Service yard and areas along Edgerstoune Road to be improved.

By: David Campbell
   The Princeton Regional Planning Board approved a plan Thursday night by The Hun School of Princeton for improvements to a service yard behind the dining hall and along residential Edgerstoune Road.
   With its 10-0 vote, the Planning Board approved a plan that includes upgrades to the service area and the relocation of four dumpsters; improved lighting, landscaping and pedestrian pathways; better screening from residential roads; and a new terrace and lawn area near the dining hall.
   A series of façade- and free-standing signs are also proposed by Hun for sites throughout its campus, including a sign within the right of way at the intersection of Edgerstoune Road and Route 206.
   Under the plan, buses parked at the redesigned service yard will be relocated out of sight of neighbors and about 15 additional parking spaces will be created for staff, who currently park on-street along Edgerstoune and Winant roads.

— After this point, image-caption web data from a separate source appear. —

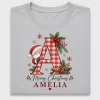 Christmas Initial A Personalized DTF Transfer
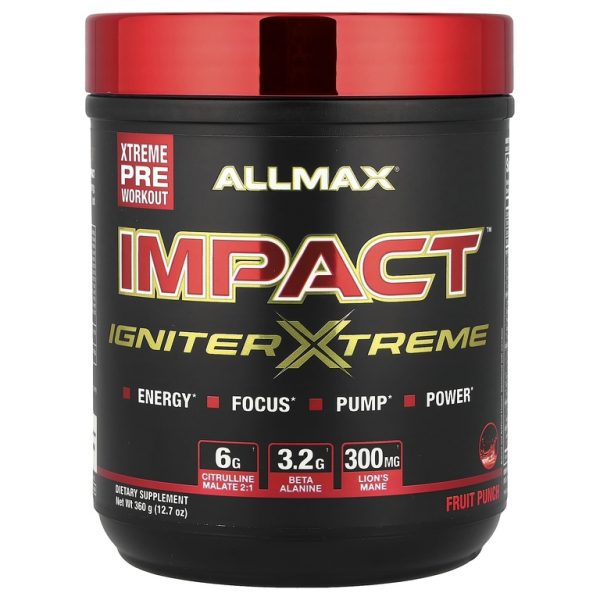 ALLMAX, IMPACT™ IGNITER XTREME, Pre-Workout, Fruit Punch, 12.7 oz (360 g) (Товар снят с продажи)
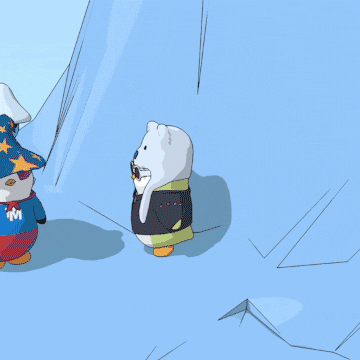 Penguin Smurf GIF by Pudgy Penguins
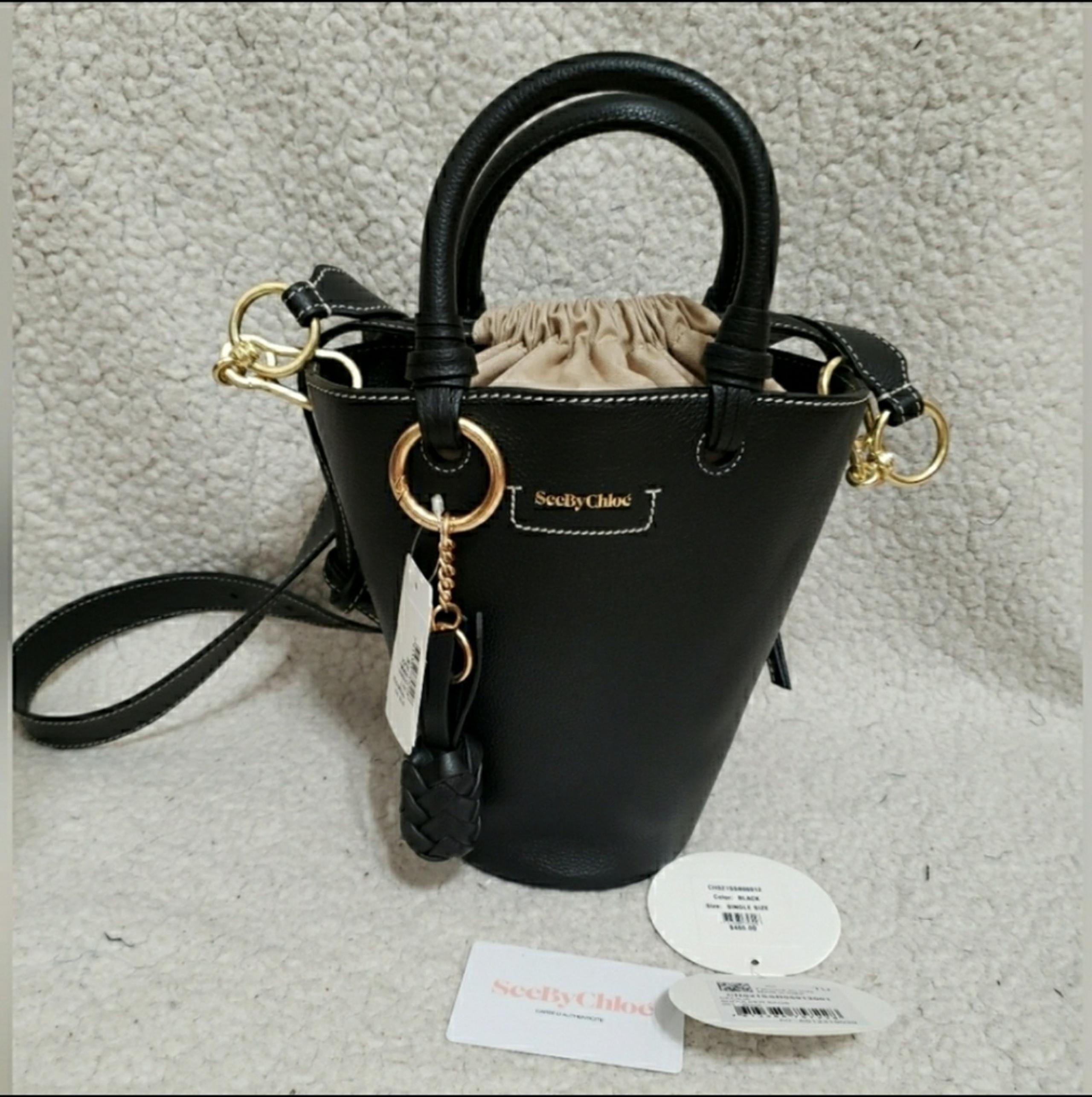 See by Chloe Small Cecilia Leather Tote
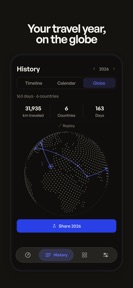 Countly – Country Days Tracker screenshot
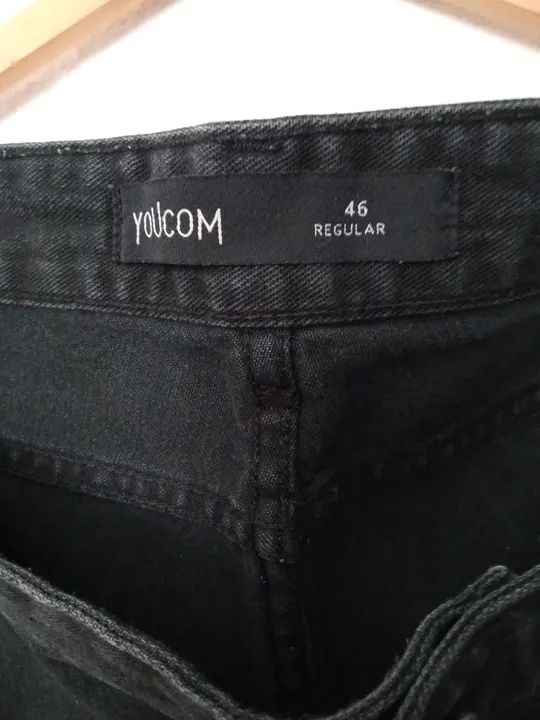 Short Jeans Preto Masculino Youcom - Foto 2
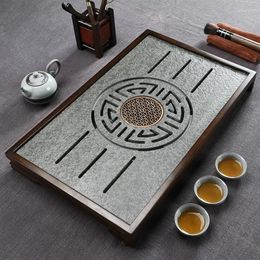 Tea Trays Chinese Japanese Bedroom Tray Creative Afternoon Advanced Design Modern Minimalist Office Plateau En Bois Accessories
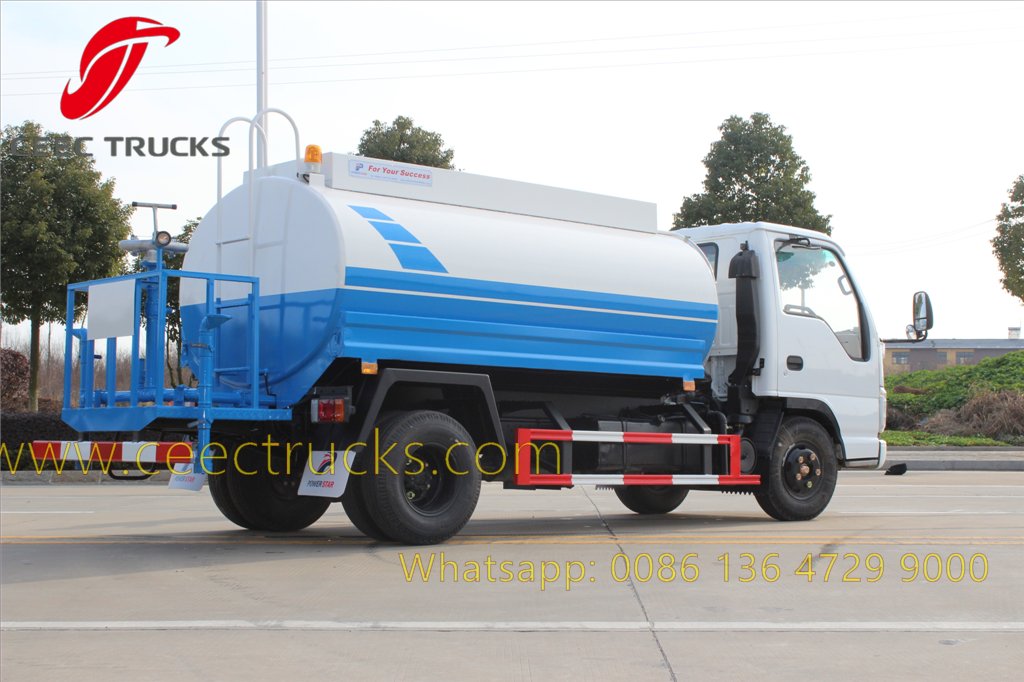 ISUZU water truck manufacturer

   About 14 mature trees will be removed as part of construction. Fifty new trees and more than 1,000 shrubs will be planted as part of the Hun proposal. According to Hun attorney Richard Goldman, the plantings will be "substantial."
   Hun is undertaking its improvements to the service area at the behest of Princeton planners, who recommended upgrades in 2000 while reviewing the school’s proposed expansion to its dining facility and library.
   Hun Head of School James Byer said the school seeks to expand to meet student needs while being sensitive to neighbors’ interests. Hun has held several meetings with nearby residents to talk about their concerns relating to the application, Mr. Byer said.
   "There’s a great sensitivity we’ve had to our position in the neighborhood," he said. "We are trying to do the best we can to service our needs while being a good neighbor."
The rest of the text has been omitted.